Data supplied
◆ ◆ ◆ ◆ ◆ ◆ ◆
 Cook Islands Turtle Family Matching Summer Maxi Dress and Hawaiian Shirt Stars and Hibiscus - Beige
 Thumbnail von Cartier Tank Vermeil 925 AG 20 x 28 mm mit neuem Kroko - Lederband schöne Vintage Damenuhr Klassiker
◆ ◆ ◆ ◆ ◆ ◆ ◆
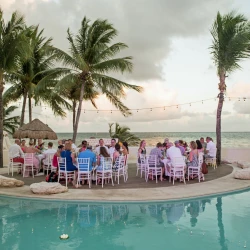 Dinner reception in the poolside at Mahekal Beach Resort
◆ ◆ ◆ ◆ ◆ ◆ ◆
Task brief
What is needed is a verbatim copy of every line in the records above from the one containing "Cook Islands Turtle" down to the one containing "Thumbnail von Cartier", both included, and nothing more.

Solution for this task
 Cook Islands Turtle Family Matching Summer Maxi Dress and Hawaiian Shirt Stars and Hibiscus - Beige
 Thumbnail von Cartier Tank Vermeil 925 AG 20 x 28 mm mit neuem Kroko - Lederband schöne Vintage Damenuhr Klassiker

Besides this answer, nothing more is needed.